European shares edge higher on encouraging earnings

Last Updated: Thu, Oct 31, 2013 12:40 hrs

* FTSEurofirst 300 index gains 0.3 percent

* Autos, financial gain on encouraging earnings

* Royal Dutch Shell drops after results

By Atul Prakash

LONDON, Oct 31 (Reuters) - European shares edged higher to trade near a five-year high by midday trading on Thursday, with automobile and financial sectors advancing after some encouraging company results.

The European automobile index climbed 1.5 percent, the top sectoral gainer, led by a 5.8 percent jump in Finnish tyre maker Nokian Renkaat after it reported better-than predicted operating profit.

The market also got support from a 1.2 percent gain in the banking sector, with Spain's Banco Popular rising 6.9 percent after posting better than expected nine-month earnings thanks to trading and capital gains.

Earnings results were mixed on Thursday, with oil major Royal Dutch Shell's third quarter profits undershooting analysts' forecasts and pushing its shares 4.5 percent lower.

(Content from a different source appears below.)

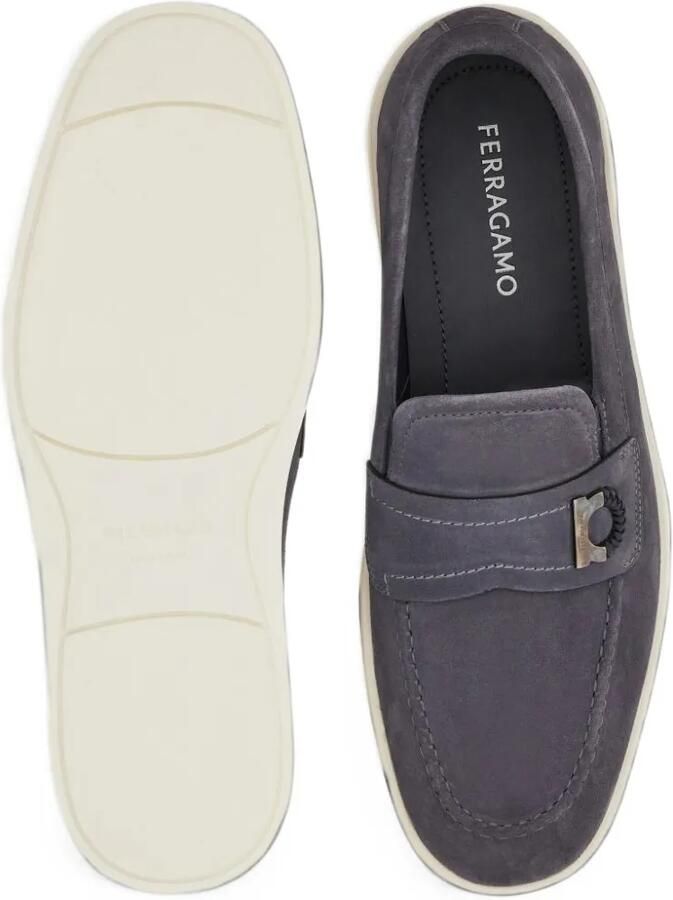 Ferragamo boat shoes loafers with Gancini-ornament Blauw - Foto 3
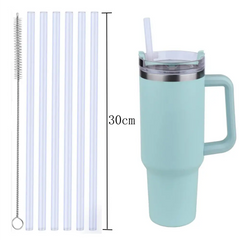 30cm 6 pcs Reusable Straw with Cleaning Brush, Plastic, Clear,Replacement Straw Compatible with Stanley 40 oz 30 oz Cup Tumbler - Auraveia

"The earnings that are coming through are weak but stable. The broader environment is much more supportive of equity prices," said Oliver Wallin, investment director at Octopus Investments.

"The amount of liquidity in the markets and the capacity in Europe and Japan to inject further is generally positive for the market."

At 1226 GMT, the pan-European FTSEurofirst 300 index was up 0.3 percent at 1,291.43 points after climbing to a five-year high in the previous session. However, the index remained on track to record a second straight month of gains.

However, the oil services firm Technip fell 9 percent, the top decliner on the FTSEeurofirst, after cutting its full-year sales and margin targets for its sub-sea business.

Investors brushed aside concerns that the Federal Reserve's less-dovish-than-expected statement on Wednesday could mean that the U.S. central bank might start trimming its stimulus sooner than foreseen.

The Fed kept its massive stimulus plan intact as the market widely expected, but did not sound as alarmed about the state of the economy as anticipated, removing a reference to tighter financial conditions from its announcement.